• Supplied material:

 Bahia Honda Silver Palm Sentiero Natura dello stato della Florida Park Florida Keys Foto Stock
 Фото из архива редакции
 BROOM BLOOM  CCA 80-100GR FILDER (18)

---

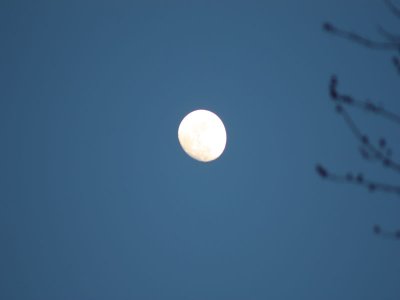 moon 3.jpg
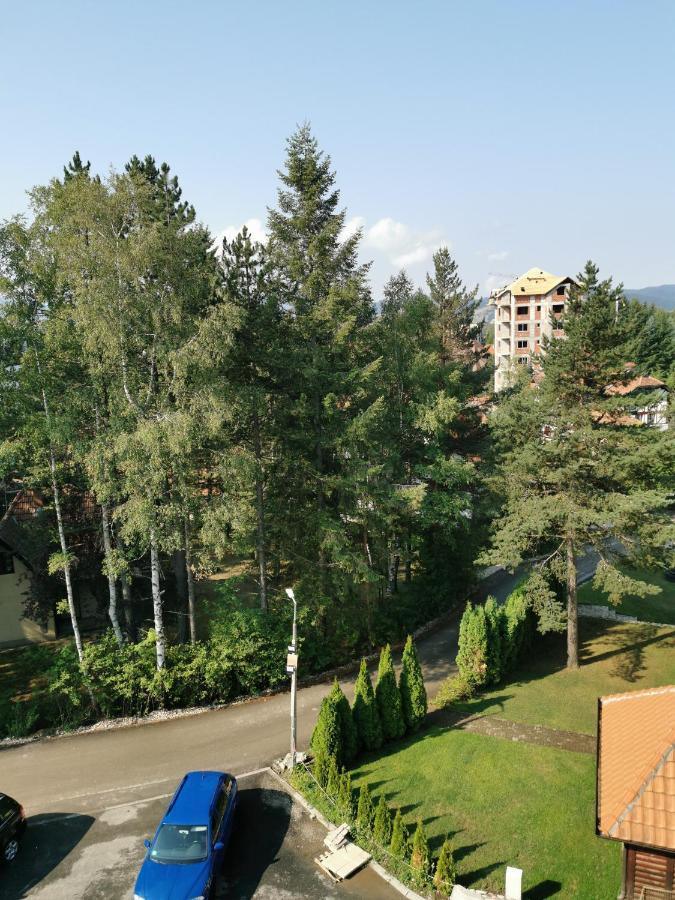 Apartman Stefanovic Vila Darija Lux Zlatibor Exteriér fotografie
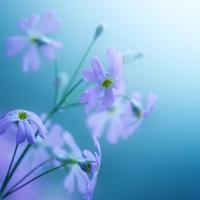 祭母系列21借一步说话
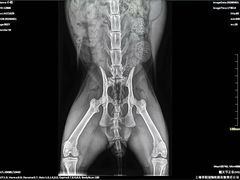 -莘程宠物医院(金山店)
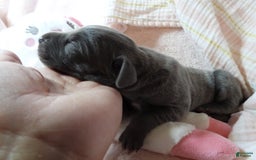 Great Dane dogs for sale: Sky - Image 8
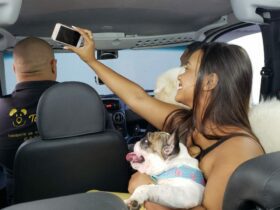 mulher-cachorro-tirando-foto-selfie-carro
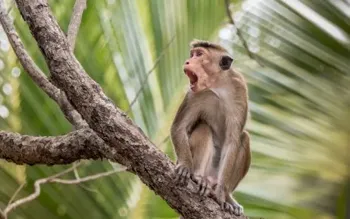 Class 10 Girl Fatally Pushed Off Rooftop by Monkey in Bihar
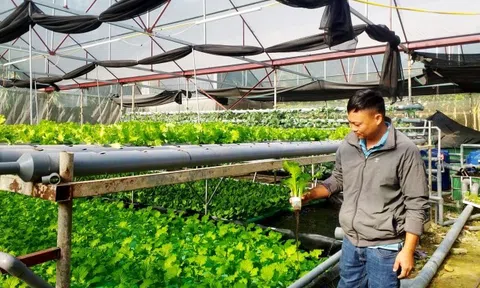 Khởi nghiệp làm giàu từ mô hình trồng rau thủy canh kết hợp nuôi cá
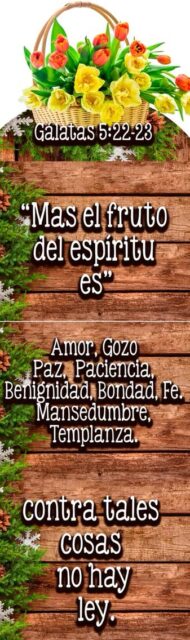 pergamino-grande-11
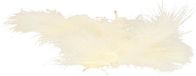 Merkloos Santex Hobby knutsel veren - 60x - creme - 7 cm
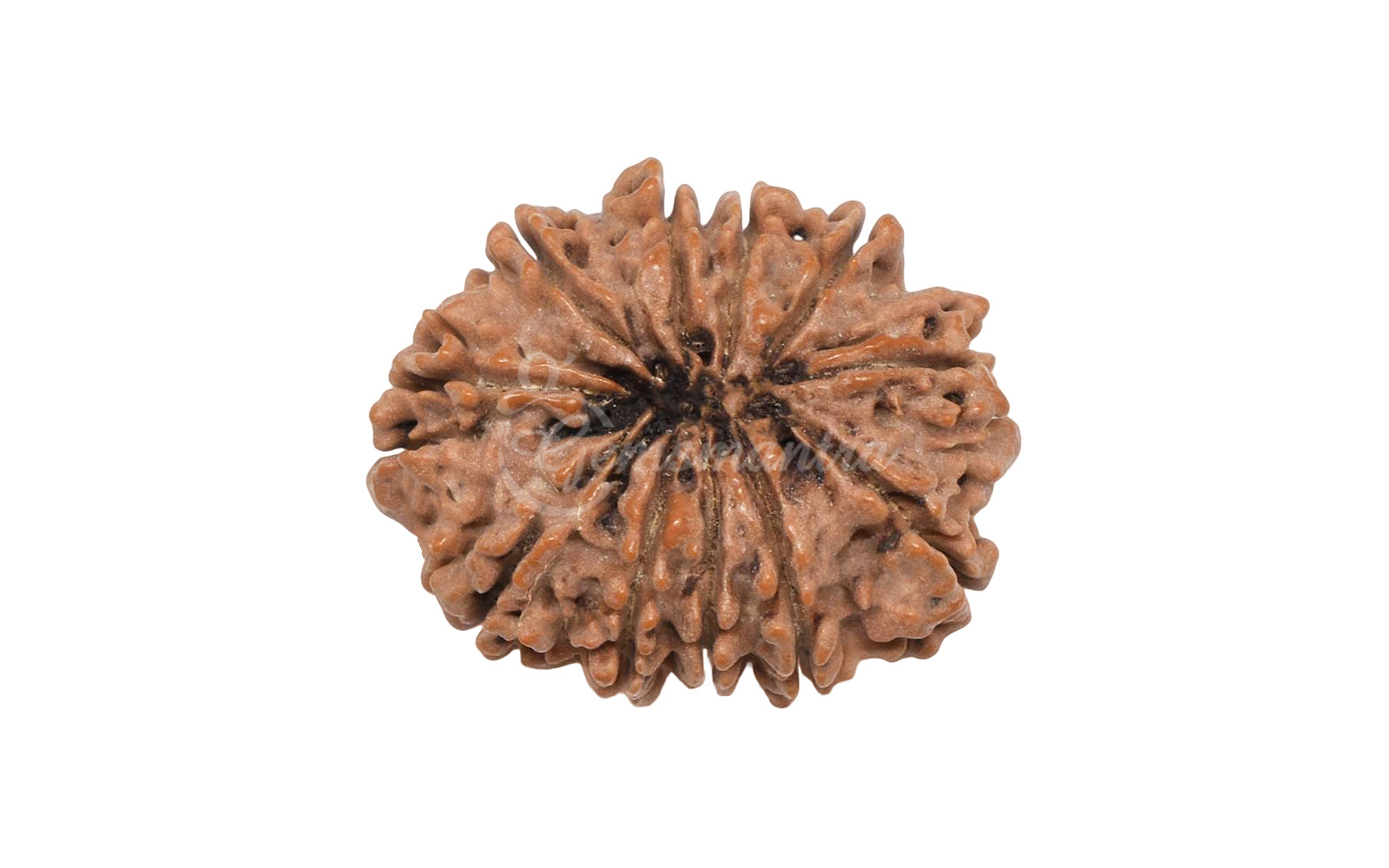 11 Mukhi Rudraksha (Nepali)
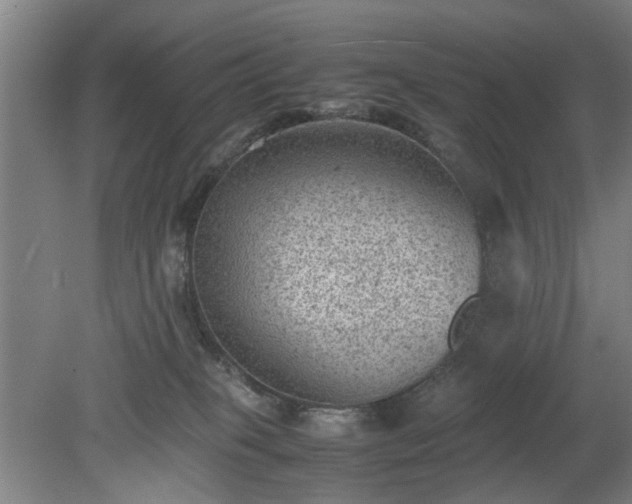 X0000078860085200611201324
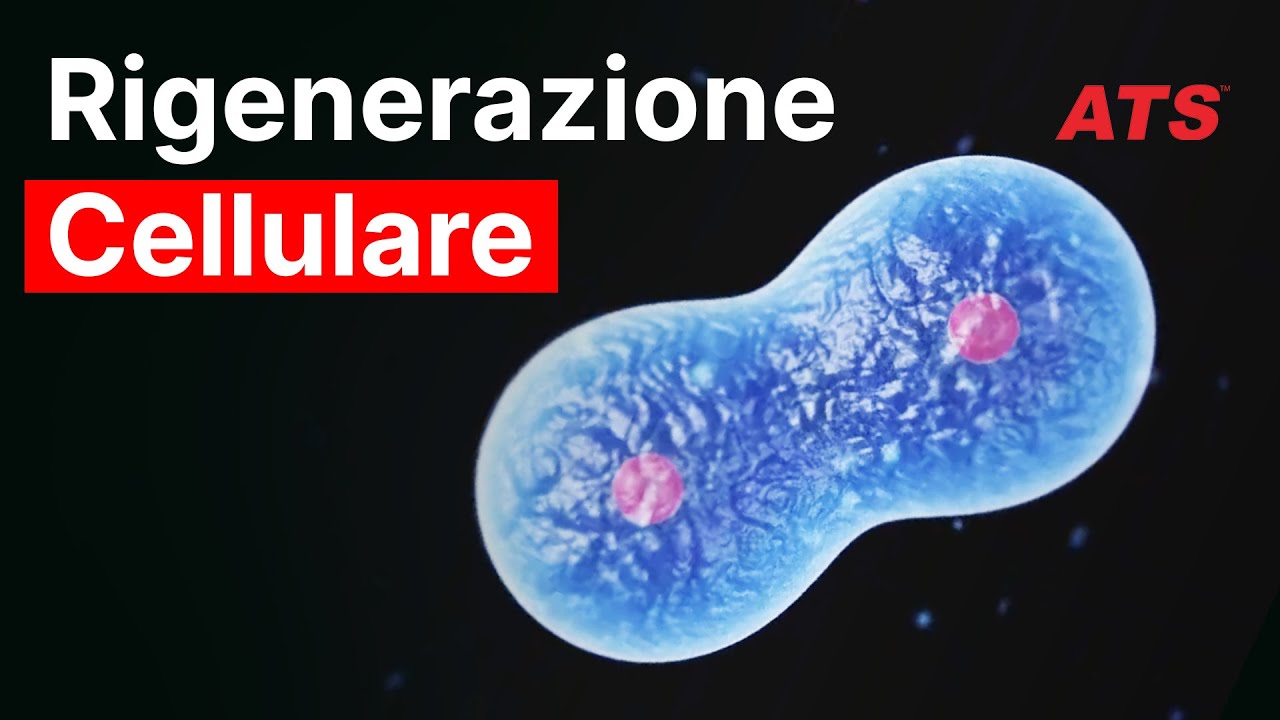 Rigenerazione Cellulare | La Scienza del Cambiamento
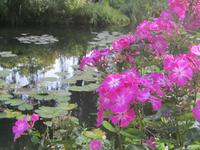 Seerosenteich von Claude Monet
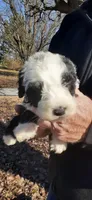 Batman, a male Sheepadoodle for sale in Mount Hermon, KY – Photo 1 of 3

* * *

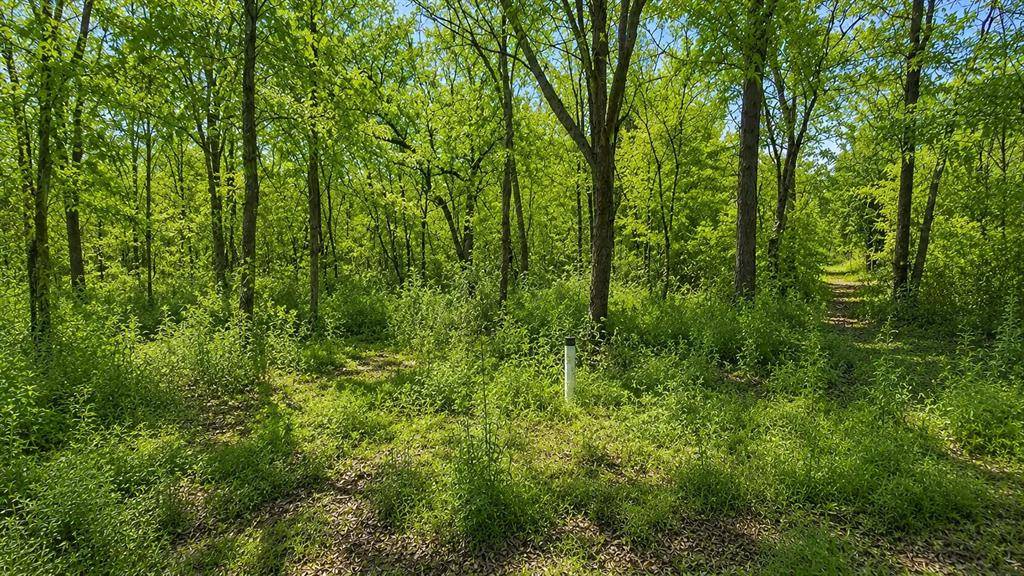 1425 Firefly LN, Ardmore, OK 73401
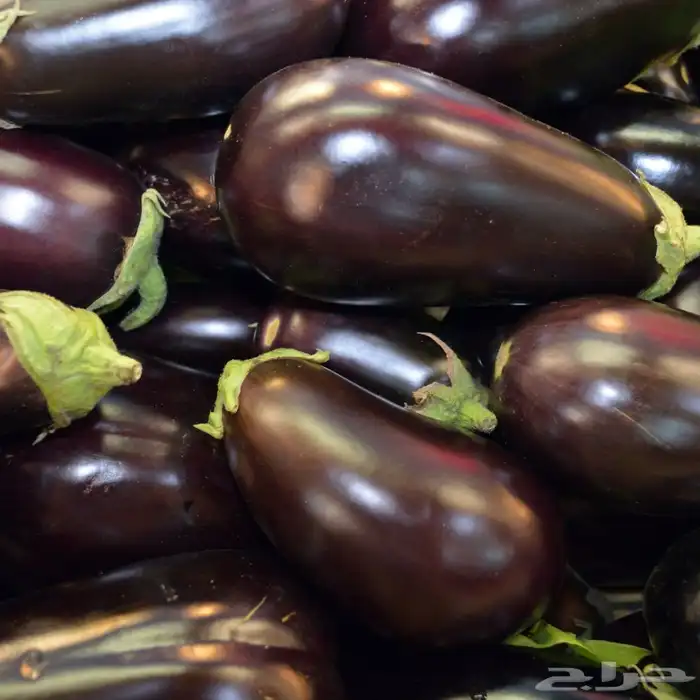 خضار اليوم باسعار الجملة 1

• Aim of the task: Find the line with "11 Mukhi Rudraksha (Nepali)" and the line with "Batman, a male" in the records above. Copy both and all lines between them exactly, without pictures.

• Exercise response:
 11 Mukhi Rudraksha (Nepali)
 X0000078860085200611201324
 Rigenerazione Cellulare | La Scienza del Cambiamento
 Seerosenteich von Claude Monet
 Batman, a male Sheepadoodle for sale in Mount Hermon, KY – Photo 1 of 3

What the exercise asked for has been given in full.